An ideal gas with $\mathrm{\gamma }$ = 1.5 is initially at state A where its pressure, temperature and volume are, P_A, T_A & V_A. It is taken first through an isobaric expansion to state (P_B, T_B, V_B). Then, it is taken through an adiabatic expansion to state C (P_C, T_C, V_C).
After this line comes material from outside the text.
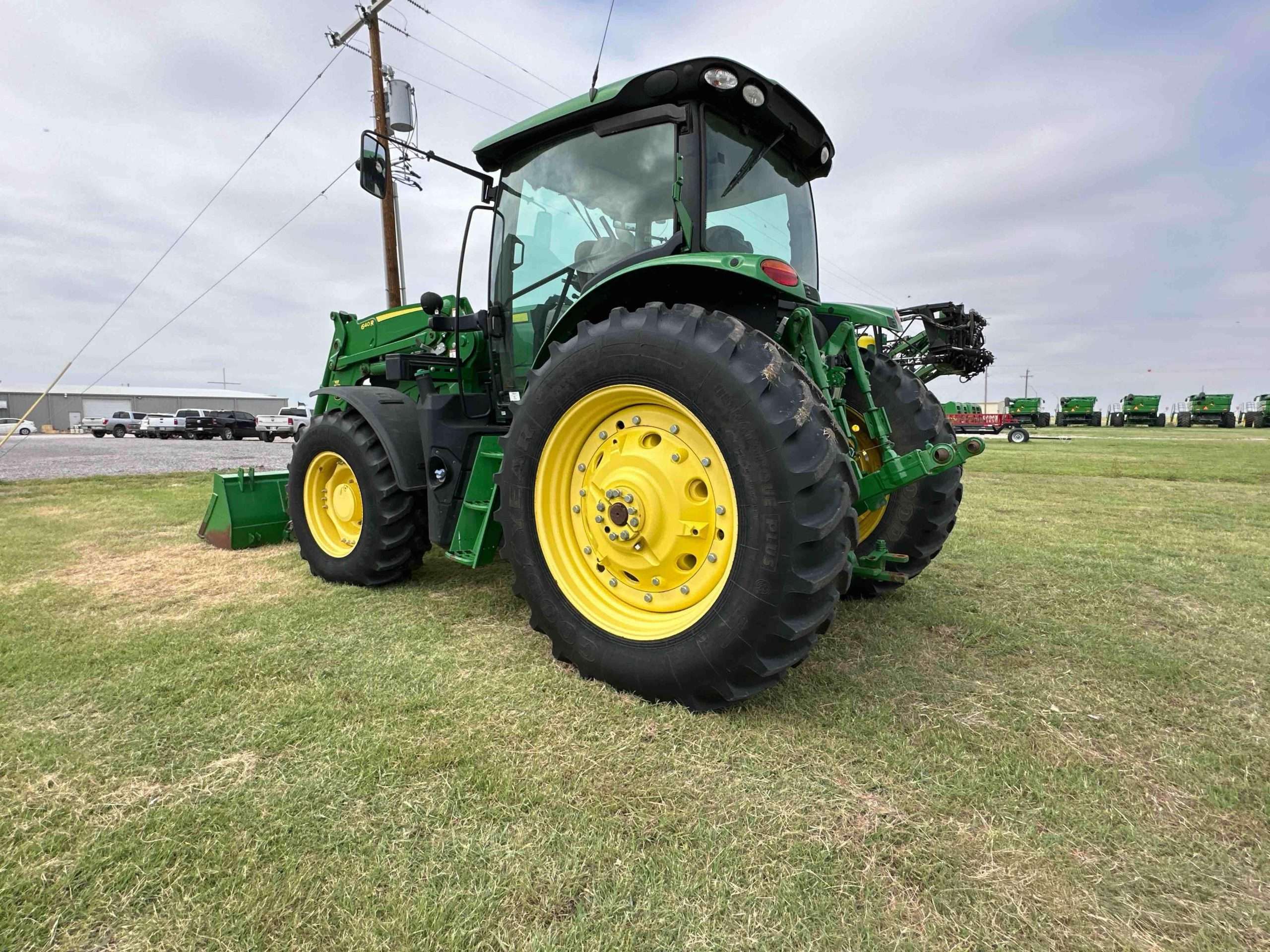 
								2017 John Deere 6155R MFWD Tractor W/Loader full									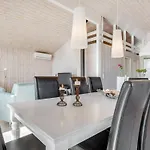 Enja - 150m From The Sea By Interhome *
The work done during the processes AB and BC are equal i.e., W_AB = W_BC = W. Also, P_C = 8/27 P_A. Then

Work done during isobaric expansion = P_A(V_B - V_A)
Work done during adiabatic expansion $=\frac{{\mathrm{P}}_{\mathrm{B}}{\mathrm{V}}_{\mathrm{B}}-{\mathrm{P}}_{\mathrm{C}}{\mathrm{V}}_{\mathrm{C}}}{\mathrm{\gamma }-1}=2\left({\mathrm{P}}_{\mathrm{B}}{\mathrm{V}}_{\mathrm{B}}-{\mathrm{P}}_{\mathrm{C}}{\mathrm{V}}_{\mathrm{C}}\right)$
Work is equal $\Rightarrow {\mathrm{P}}_{\mathrm{A}}{\mathrm{V}}_{\mathrm{B}}-{\mathrm{P}}_{\mathrm{A}}{\mathrm{V}}_{\mathrm{A}}=2{\mathrm{P}}_{\mathrm{B}}{\mathrm{V}}_{\mathrm{B}}-2{\mathrm{P}}_{\mathrm{C}}{\mathrm{V}}_{\mathrm{C}} .........\left(\mathrm{i}\right)$
Now, ${\mathrm{P}}_{\mathrm{C}}=\frac{8}{27}{\mathrm{P}}_{\mathrm{A}}=\frac{8}{27}{\mathrm{P}}_{\mathrm{B}} \Rightarrow$using ${\mathrm{P}}_{\mathrm{B}}{\mathrm{V}}_{\mathrm{B}}^{\mathrm{\gamma }}={\mathrm{P}}_{\mathrm{C}}{\mathrm{V}}_{\mathrm{C}}^{\mathrm{\gamma }},$ we get ${\mathrm{V}}_{\mathrm{C}}=\frac{9}{4}{\mathrm{V}}_{\mathrm{B}}$
Putting this, P_B = P_A and ${\mathrm{P}}_{\mathrm{C}}=\frac{8}{27}{\mathrm{P}}_{\mathrm{A}}\text{ in (i),}$

${\mathrm{P}}_{\mathrm{A}}{\mathrm{V}}_{\mathrm{B}}-{\mathrm{P}}_{\mathrm{A}}{\mathrm{V}}_{\mathrm{A}}=2{\mathrm{P}}_{\mathrm{B}}{\mathrm{V}}_{\mathrm{B}}-2\left(\frac{8}{27}{\mathrm{P}}_{\mathrm{A}}\right)\left(\frac{9}{4}{\mathrm{V}}_{\mathrm{B}}\right)$

$\Rightarrow {\mathrm{V}}_{\mathrm{B}}=3{\mathrm{V}}_{\mathrm{A}}$

So, ${\mathrm{V}}_{\mathrm{C}}=\frac{9}{4}{\mathrm{V}}_{\mathrm{B}}=\frac{27}{4}{\mathrm{V}}_{\mathrm{A}}$

$\Rightarrow \text{ Work, }\mathrm{W}={\mathrm{P}}_{\mathrm{A}}\left(3{\mathrm{V}}_{\mathrm{A}}\right)-{\mathrm{P}}_{\mathrm{A}}{\mathrm{V}}_{\mathrm{A}}=2{\mathrm{P}}_{\mathrm{A}}{\mathrm{V}}_{\mathrm{A}}$

${\mathrm{\Delta Q}}_{\mathrm{A}\to \mathrm{B}}={\mathrm{nC}}_{\mathrm{p}}\mathrm{\Delta T}=\frac{{\mathrm{C}}_{\mathrm{p}}}{\mathrm{R}}\left({\mathrm{P}}_{\mathrm{B}}{\mathrm{V}}_{\mathrm{B}}-{\mathrm{P}}_{\mathrm{A}}{\mathrm{V}}_{\mathrm{A}}\right)=6{\mathrm{P}}_{\mathrm{A}}{\mathrm{V}}_{\mathrm{A}}$